Los lugares son en nosotros, las sensaciones que nos provocan...
Saludos!!!
no soy persona de tratar mucho con los vecinos, no se no me va la onda.
pero reconozco que donde vivo lo bueno es que entre todos los vecinos se cuidan las espaldas y mientras uno no los deje entrar a la vida privada está todo más que bien, sobre todo en estos tiempos tan inseguros que se viven.
suburban kisses for you!
Uh Manu..Yo adoro a mis vecinos..Salvo algunos que cuando los veo me hago la que hablo por teléfono para no saludar.
Nací en un barrio ,vivo en un barrio.No puedo estar sin escuchar a los carros que pasan vendiendo frutas SANDÍAAAA COLORADA Y CALADA LA SANDIAAAA ,o al churrero.o LOS QUE TE TOCAN EL TIMBRE..Y DICEN Doña.. quiere que le corte el pasto?Los niñitos que ocupan toda la calle jugando a la paleta .Las viejas chusmas(Que también las quiero) que por la mañana salen a barrer y se quedan horas cuchicheando ..algunas con la bata de dormir.Ellas son las primeras que se enteran de tu dolor de cabeza,y que siempre estan.LAS QUE ME BANCAN HACE AÑOS CON LA MÚSICA FUERTE ..BIEEEN FUERTE EN LA SIESTA.
MENUDO ,EL TOPO GIGIO TITANES EN EL RING...y no en cualquier barrio aguantan estas cosas eh!!.Las que se dan de DIosas y salen a barrer en biquini mostrando su piel de naranja en las gambas sin drama jajaj.La que se ofrece a regar de onda tus plantas y dar de comer al perrito cuando te vas de viaje...Uhhh mi barrio.Lo quiero!!!
Lindo post Manu.Buen año,buena vida
Miles de besos
Cassandra: los vicios que no tiene el barrio, los completo yo. Muchas gracias.
Cando: vivo tranquila sin saber cuántos hijos tiene mi vecina. Definitivamente, no soy buena para esas cosas.
Blue: los gestos de buena vecindad los aprecio mucho, e intento tenerlos; pero los excesos son los que me molestan.
Marisa: yo no odio a mis vecinos che!, solamente no soy adepta a ese tipo de convivencia puertas para afuera.
Capaz, si te tuviera de vecina, otro sería el cuento ;-).
Besos a todas
¡¡Hola, amiga!! Es un gusto enorme volver a leerte llegando de vacaciones. Me encantó el post. Y como en todos tus textos es imposible no recordar y compartir algo de mi barrio.
Mi infancia fue una especie de turismo barrial, porque con trece mudanzas, viví (aunque en pequeñas dosis) los más diversos barrios.
Llegué a sentirme Heidi en medio de la cordillera, cuando le compraba leche al carro que bajaba de la montaña.

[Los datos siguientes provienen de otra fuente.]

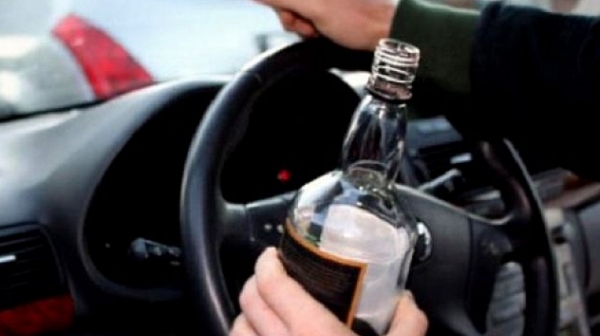 Пиян шофьор пробва да уплаши полицаи с Маргините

Ahí (en el pueblo) nos conocíamos todos, y el malón de chicos que andábamos en bici ascendía hasta 20 los fines de semana. También sentí el contraste, cuando en pleno centro, mi mini-habitación, se fusionaba con una mini-cocina, que tenía un mini-desayunador donde almorzábamos (por turnos) toda la familia… en estos casos los vecinos eran muchos menos, pero tengo que admitir que nunca pasaron desapercibidos, siempre en todo destino alguna historia con ellos marcó la gran anécdota del paso por el lugar.
En la capi también viví. Un 6to “C” en Palermo. De esta nunca me olvido. Apenas llegamos a Bs As de un pueblito mendocino, no acostumbrábamos a cerrar la puerta con llave. Una noche, mientras cenábamos, tuvimos el gusto de conocer a la hija de la vecina -que a sus 27 años padecía de un retraso mental- y atravesó la cocina corriendo, a los gritos, completamente en pelotas, y volvió a salir en la misma situación, agitando una de mis remeras, y algunas medias que encontró por mi casa. Yo con diez años, me costó superar el susto, pero mi mamá llegó a ser buena amiga de la vecina.
Hacía mucho que no habría esa caja de recuerdos.
¡¡Un beso grande, vecina!!!
¡Qué placer volverte a encontrar por acá!.
¿Trece mudanzas?, así es como se adquiere práctica en descubrir lo prescindible.
Realmente me hubiera gustado ser parte de tu batallón barrial.